Guatarri’s The Three Ecologies relentlessly and poignantly challenges our simple conception of ecology. It creates a multi-dimensioinal definition of the concept, expanding the scope to now encompass mental ecology, social ecology, and of course, environmental ecology, with an ecosophical perspective on our conception of subjectivity.
In fact, Guatarri completely denounces the clear-cut definitions separating ecology with everything but human activities; instead, he believes in coining the studies of ecology as “ecosophy”—the study of the theoretical, ethicopolitical, aesthetic—beyond the purely environmental, biological, and occasionally the political. The insightful redefinition of ecology itself offers a new vision for humans to perceive the world and the problems within.
Offering the alternative definition of ecology that goes beyond “being a discipline of refolding on interiority, or a simple renewal of earlier forms of ‘militancy’,” Guatarri calls for “a multifaceted movement” that reconstructs the human subjectivity previously destructed by capitalism and mass media creations of a singular subjectivity, a universal law, and a single scientific paradigm.
Guatarri’s definition of ecology is a radical one, and it essentially reshapes our approach to problems plaguing humanity from connecting the roots of the problems into one discipline that entails multiple interactive agencies. He writes, “Ecology must stop being associated with the image of a small nature-loving minority or with qualified specialists. Ecology in my sense questions the whole of subjectivity and capitalistic power formations, whose sweeping progress cannot be guaranteed to continue as it has for the past decade.”
Guatarri sees the human struggle from a unique lens, and he identifies the accumulation of capitals and the brainwashing mass media productions as the culprits, connecting the conventional domains of ecology to social justice and humanity at large.
Guatarri points out the current dilemma of the paradoxical role of technoscientific means: while explorations in the scientific realm could potentially alleviate environmental problems, the advancements are destructing the very subjectivity that Guatarri advocates. The problem is a complex one: the deterioration of the environmentally ecological also means “the increasing deterioration of human relations with the socius, the psyche and ‘nature’”—something not simply “due to environmental and objective pollution” but because of the “certain incomprehension and fatalistic passivity towards these issues as a whole.” It is the perspective that we see these issues that Guatarri finds so troubling, and he is absolutely right.
In the book, Guatarri finds faults in structuralism and even postmodernism—paradigms that he believes has “accustomed us to a vision of the world drained of the significance of human interventions, embodied as they are in concrete politics and micropolitics.” Guatarri fears “the death of ideologies and the return to universal values”—especially when we approach environmental ecology, mental ecology, and social ecology. It is great paradigm that constantly divides “the Real into a number of discrete domains” that the book condemns.

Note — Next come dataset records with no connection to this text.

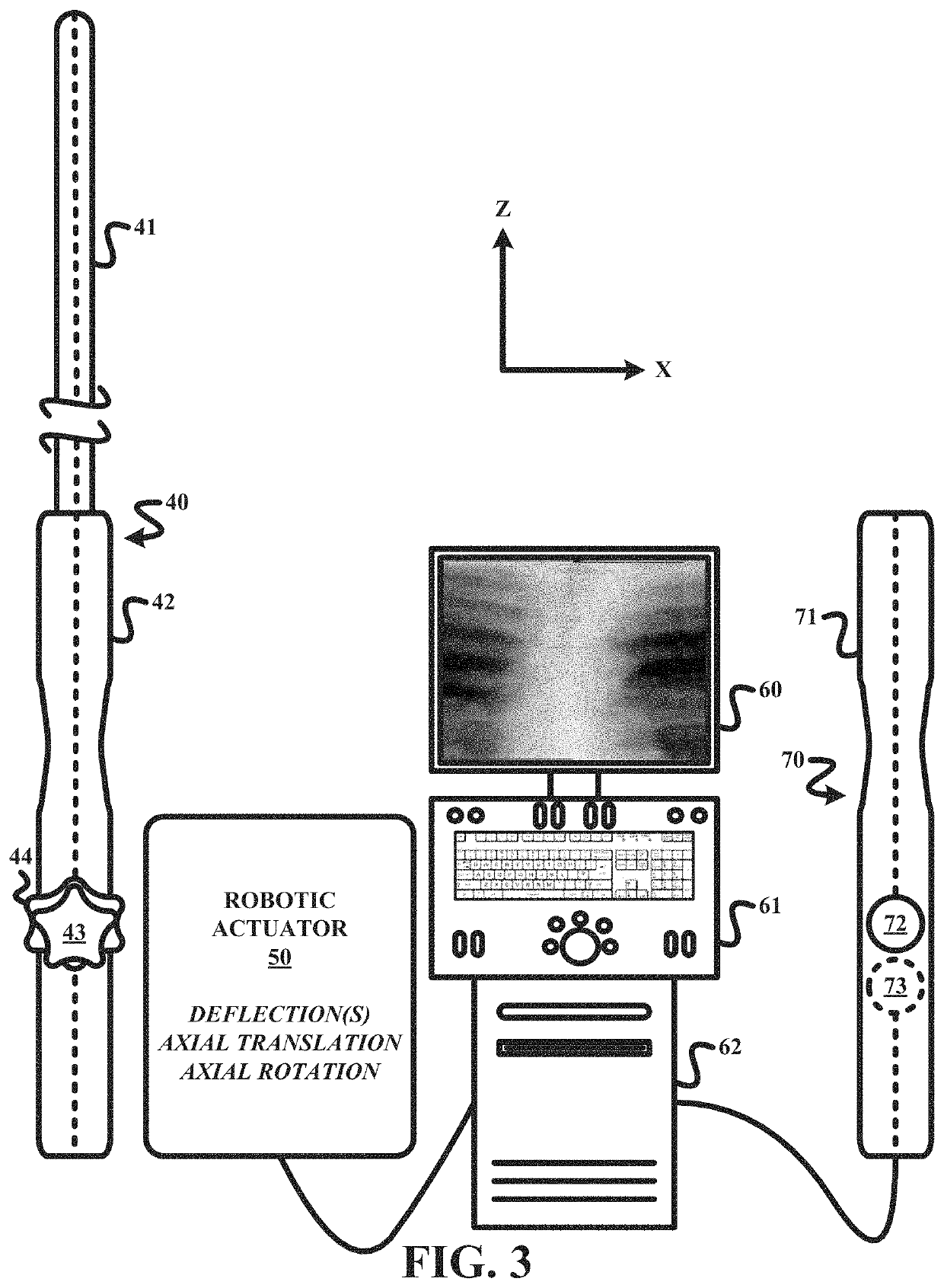 Remote robotic actuation of a transesophageal echocardiography probe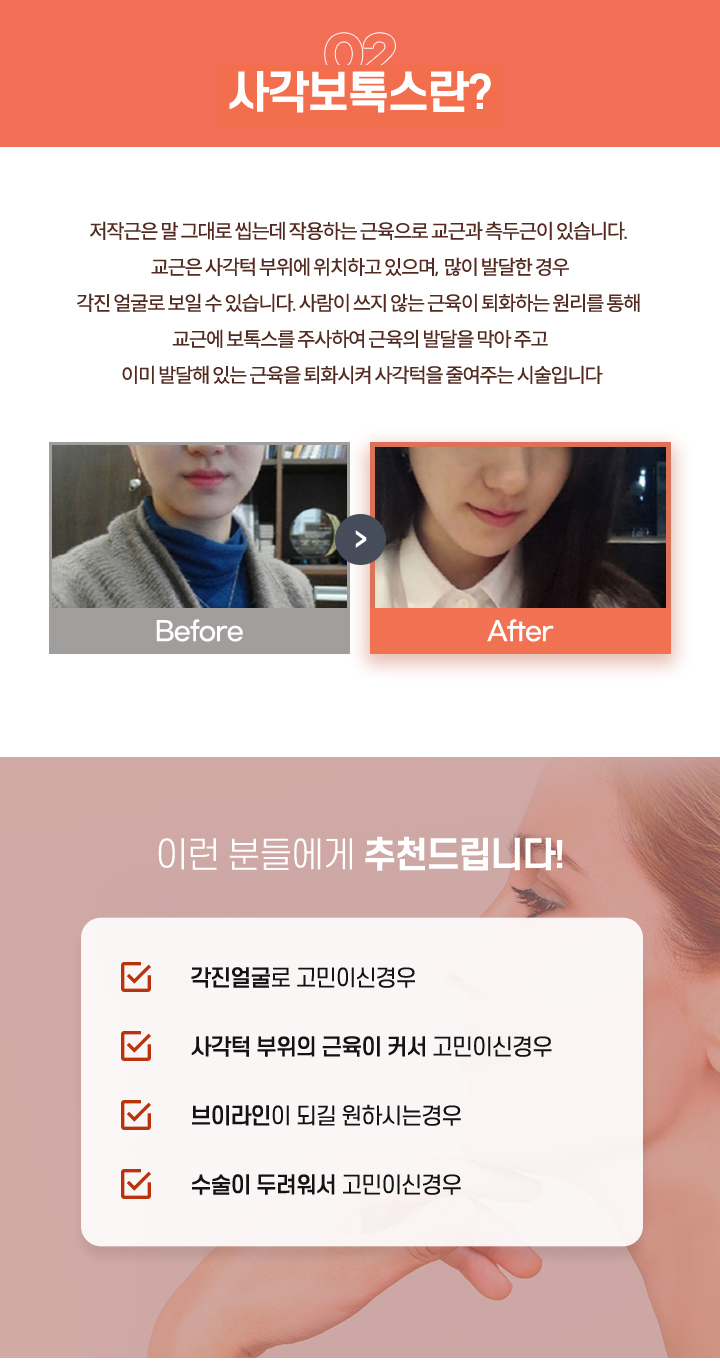 사각보톡스란
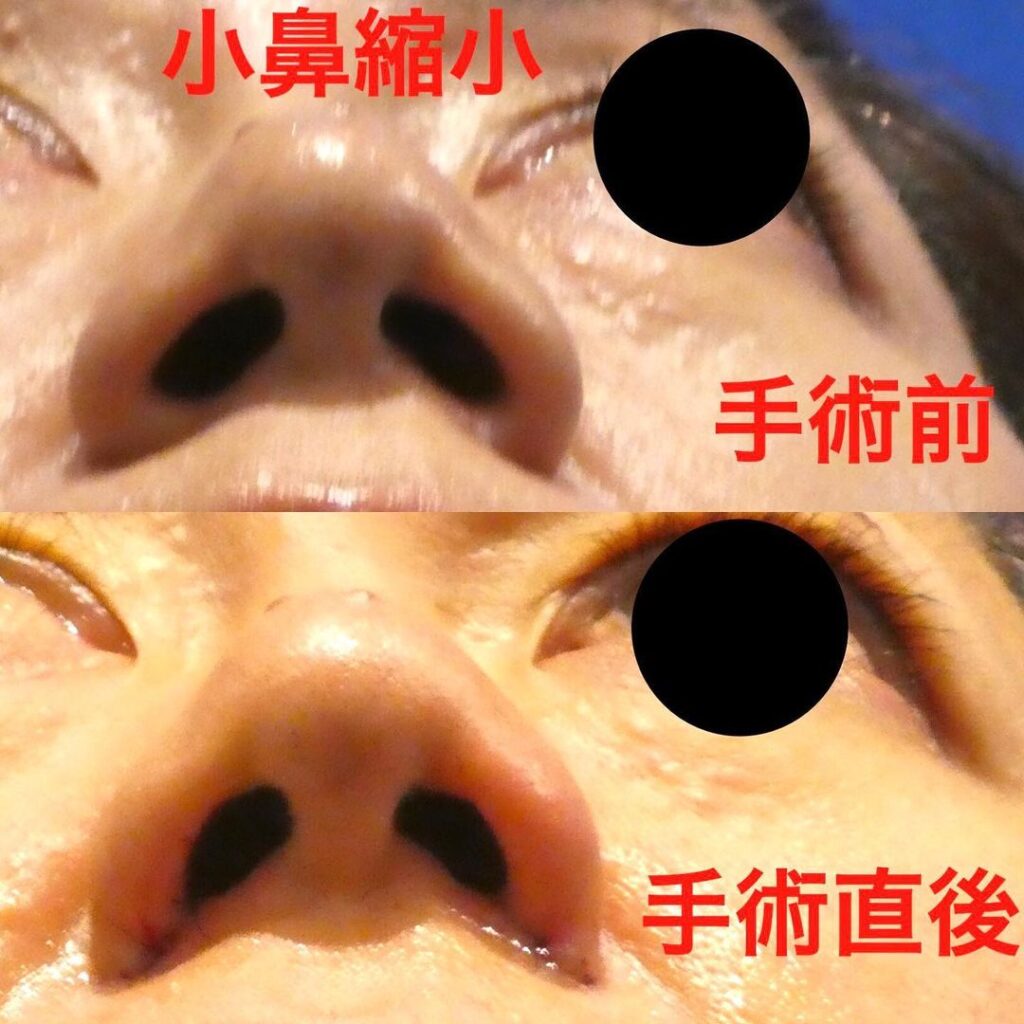 梅田院の小鼻縮小の症例 (2)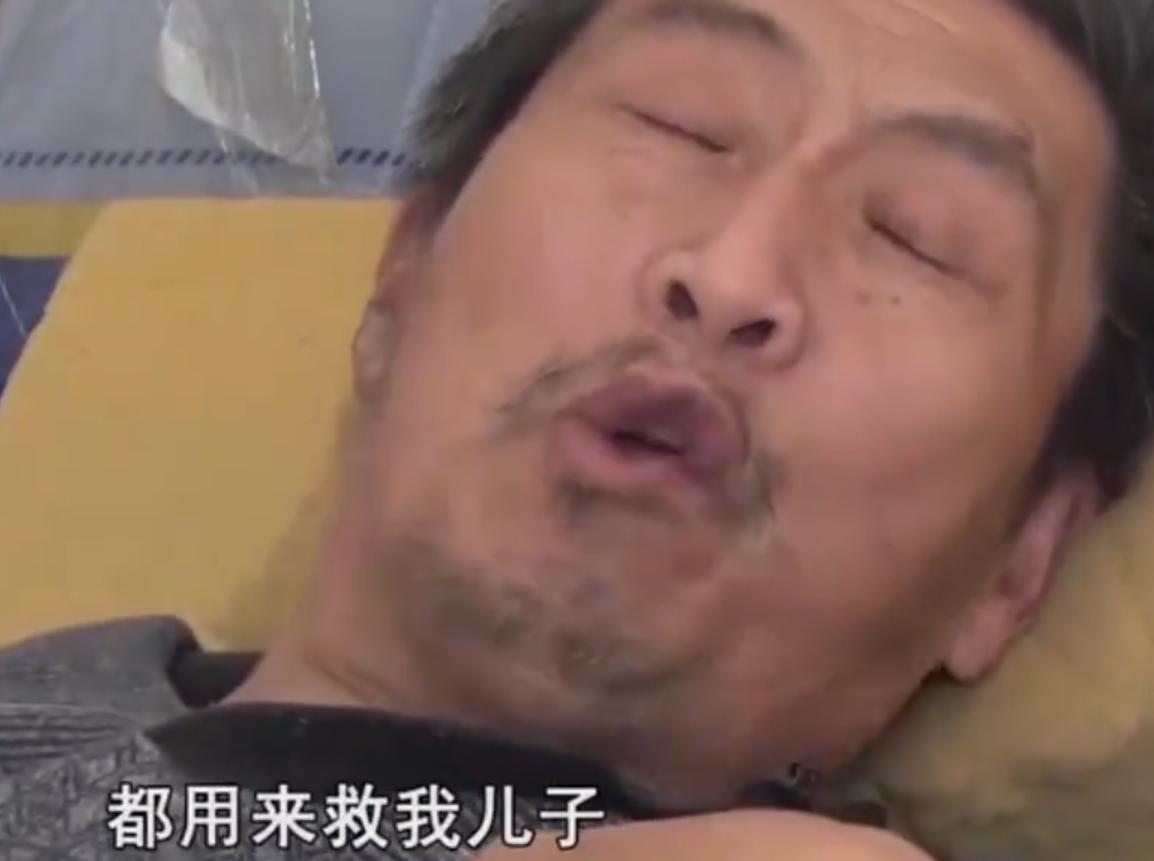 河南男子掉锅烫伤爸妈植皮救儿子,河南男子掉入油锅后续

Moreover, Guatarri challenges not only the simplified definition of ecology but also the perspective behind it. He calls for space for ambivalence and the enabling of the “singular, the exceptional, the rare.” It is not only his views on ecology but his belief system that offers inspirations.
Completely abdicating reductionalism and division, Guatarri endorses a more holistic approach as he compares the social world with the ecosystem—capitalistic forces as algae, and minority groups as dying species. In a way, the three ecologies are deeply intertwined: social relations live in the environmental, and in mental ecology, we find wisdom about the other two.
As Guatarri writes, “It is not only species that are becoming extinct but also the words, phrases, and gestures of human solidarity.” Environmental concerns also encourage us to look within us, and vice versa.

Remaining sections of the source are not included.